* YOUR INSTRUCTIONS
Set down every entry below exactly as it stands.

Dataset items:
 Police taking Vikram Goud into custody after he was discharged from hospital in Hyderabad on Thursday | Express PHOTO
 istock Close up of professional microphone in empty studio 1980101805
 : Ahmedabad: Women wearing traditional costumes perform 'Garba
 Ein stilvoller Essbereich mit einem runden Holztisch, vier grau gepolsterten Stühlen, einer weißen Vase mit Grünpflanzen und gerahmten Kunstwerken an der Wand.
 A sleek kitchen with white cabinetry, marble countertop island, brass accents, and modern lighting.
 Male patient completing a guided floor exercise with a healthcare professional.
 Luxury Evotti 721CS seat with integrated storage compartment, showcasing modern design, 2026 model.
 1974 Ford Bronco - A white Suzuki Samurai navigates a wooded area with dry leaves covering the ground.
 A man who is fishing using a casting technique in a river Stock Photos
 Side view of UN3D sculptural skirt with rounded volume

* RESULT OF THIS EXERCISE
 Police taking Vikram Goud into custody after he was discharged from hospital in Hyderabad on Thursday | Express PHOTO
 istock Close up of professional microphone in empty studio 1980101805
 : Ahmedabad: Women wearing traditional costumes perform 'Garba
 Ein stilvoller Essbereich mit einem runden Holztisch, vier grau gepolsterten Stühlen, einer weißen Vase mit Grünpflanzen und gerahmten Kunstwerken an der Wand.
 A sleek kitchen with white cabinetry, marble countertop island, brass accents, and modern lighting.
 Male patient completing a guided floor exercise with a healthcare professional.
 Luxury Evotti 721CS seat with integrated storage compartment, showcasing modern design, 2026 model.
 1974 Ford Bronco - A white Suzuki Samurai navigates a wooded area with dry leaves covering the ground.
 A man who is fishing using a casting technique in a river Stock Photos
 Side view of UN3D sculptural skirt with rounded volume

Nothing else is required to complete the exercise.